Koskoca bir sene bitti. Eski takvimleri kaldırıp, duvara yenisini astığımız şu günlerde, üzerinde düşünülecek en önemli konudur belki de ZAMAN… Bitmez dediğimiz bir yıl daha bitti. Çok değil, 365 gün önce ona da “yeni” demiştik ama o da eskidi. Peki, ne kadarı yaşandı bu geçen senenin, ne kadarı kaybolup gitti?

Yıllar evvelinde bir resimle karşılaşmıştım. Uzun uzun seyre dalıp, gözlerimi alamadığım, çarpıcılığı ile içimin sızladığı, gözlerimi buğulandıran, ellerimi titreten bir resim…

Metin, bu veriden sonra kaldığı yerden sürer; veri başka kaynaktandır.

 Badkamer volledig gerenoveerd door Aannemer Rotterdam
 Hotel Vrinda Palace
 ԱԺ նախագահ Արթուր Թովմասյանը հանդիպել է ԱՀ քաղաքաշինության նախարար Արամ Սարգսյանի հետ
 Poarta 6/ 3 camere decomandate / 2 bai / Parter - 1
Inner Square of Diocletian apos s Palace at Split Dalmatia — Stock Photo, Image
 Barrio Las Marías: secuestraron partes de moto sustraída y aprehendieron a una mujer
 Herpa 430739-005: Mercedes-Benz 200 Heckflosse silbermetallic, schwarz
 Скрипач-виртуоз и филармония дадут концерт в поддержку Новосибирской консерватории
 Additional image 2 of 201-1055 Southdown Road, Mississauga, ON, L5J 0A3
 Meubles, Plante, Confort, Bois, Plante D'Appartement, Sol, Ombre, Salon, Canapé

Resimde sıradan bir kum saati var, hani şu biblo niyetine vitrinlere konulan… Yukarıdan aşağıya kumlar akıyor ama cam kırık ve akan kumlar dışarıya taşıyor. Zamanın tutulamazlığını ne kadar da güzel anlatıyor resim. Hangimiz tutabildik ki zamanı? Bir cam fanus içinde hangimiz hapsedebildik? Belki hepimiz istemişizdir bazen durmasını... “Günler geçmesin” dediğimiz çok olmuştur ama güneşi durdurabildiğimiz hiç vaki değil…
Basra’nın büyük âlimi Abdullah bin Amir’e bir dostu: “Biraz vakit ayır da şöyle havadan sudan sohbet edip vakit geçirelim.” der.

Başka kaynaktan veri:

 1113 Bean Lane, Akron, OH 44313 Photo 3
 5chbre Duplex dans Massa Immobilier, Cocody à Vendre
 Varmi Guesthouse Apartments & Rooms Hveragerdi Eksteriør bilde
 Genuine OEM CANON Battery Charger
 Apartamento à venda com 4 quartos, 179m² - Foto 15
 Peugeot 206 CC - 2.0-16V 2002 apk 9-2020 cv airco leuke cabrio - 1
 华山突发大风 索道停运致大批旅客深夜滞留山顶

Âlimin verdiği cevap çok kısadır: “Tut Güneş’i gitmesin, seninle oturup havadan sudan konuşup vakit öldürelim.”
 Bu cevaba şaşıran dostu: “Ne demek tut Güneş’i?” deyince Abdullah:
“Çünkü Güneş durmayıp gidiyor, böylece vakit harcanıyor; ya vakti durdur, seninle havadan sudan muhabbet edelim, ya da geriye çekil, akıp giden vakti değerlendirelim, nakitten de kıymetli olan vakti boşa harcama gibi bir gaflete düşmeyelim.”
Her gün güneş batıyor ve her sabah yeniden doğuyor… Havadan sudan işlerle, havadan sudan sözlerle ömürlerimiz tükeniyor bir yerlerde. Hem de kucak dolusu nakit harcasak bile geri getiremediğimiz vakitler...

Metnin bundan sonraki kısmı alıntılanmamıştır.